A common way of interacting with web pages is by filling in forms.  This can be done within a web browser, of course, but it can also be done programmatically in `requests`.  

Notice that in `requests` using an alternate HTTP method is reflected in the function name rather than as an argument (`requests.post()` is also available, for example).

In [32]:
from IPython.core.display import HTML

info = {'name': 'David', 'color': 'Stygian Blue', 'bday': 'September 12'}
resp = requests.put('http://popbox.kdm.local:2502/form', data=info)
HTML(resp.text)

In [33]:
info = {'name': 'Marjorie', 'color': 'Blood Red', 'bday': 'June 31'}
resp = requests.put('http://popbox.kdm.local:2502/form', data=info)
HTML(resp.text)

## Streaming

In an earlier lesson, we streamed slowly arriving HTTP data using the raw telnet interface.  Using `request` makes this easier; the essential element is just to indicate `stream=True` in the request.
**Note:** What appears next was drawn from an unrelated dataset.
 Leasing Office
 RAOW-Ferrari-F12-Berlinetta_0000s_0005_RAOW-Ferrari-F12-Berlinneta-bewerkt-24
The example below also presents a good manner of arranging `requests` code, using a context manager to handle the life of the connection. This could be used in all the other examples; the current example would work fine in the prior `resp = requests.get(...)` style also.

In [34]:
from time import time

start = time()
with requests.get('http://popbox.kdm.local:2502/stream', stream=True) as respS:
    for line in respS.iter_lines(chunk_size=1):
        if line:
            print(f'{time()-start:04.1f}s: {line.decode()}')

00.1s: God dag
02.0s: Ahlan
05.0s: Witaj
06.6s: Hej
08.3s: Halløj
10.1s: Hej
12.6s: Hujambo
13.9s: Yā
16.8s: Hi
17.2s: Oi


## Authentication

The `requests` libary can handle authentication using Basic Authentication, Digest Authentication, OAuth 1, and OAuth 2 (OpenID).  The architecture is designed to allow additional methods, and third-party plugins exist for some, including Kerberos and NTLM.  Let's demonstrate one login.  First we attempt to get a protected resource without authentication.

In [35]:
resp = requests.get('http://popbox.kdm.local:2502/secure')
resp

<Response [401]>

We try again, but with incorrect credentials.

In [36]:
from requests.auth import HTTPBasicAuth
resp = requests.get('http://popbox.kdm.local:2502/secure', 
                    auth=HTTPBasicAuth('David', 'badpass'))
resp

<Response [401]>

In [37]:
resp = requests.get('http://popbox.kdm.local:2502/secure', 
                    auth=HTTPBasicAuth('David', '4bYaDZCFsTY4'))
resp, resp.text

(<Response [200]>, 'Hello, David!')

## Wrapping up

This section first looked at some lower-level Python standard library modules for client-side operations with HTTP. Then we turned to the third-party `requests` module which has rich and friendly capabilities.  Given the option, `requests` will be your *go to* tool for client-side HTTP.  There may be situations where you will need only to use the standard library.

As was mentioned in earlier lessons, some details of programmatic HTTP services are addressed in in more depth in the course *Secure RESTful APIs using Python*. For example, we have used several `Content-Type` headers, and received several different status codes, but those are discussed at greater length there.

In the last section of this course, we look at writing servers, including those that clients have communicated with in the last several lessons.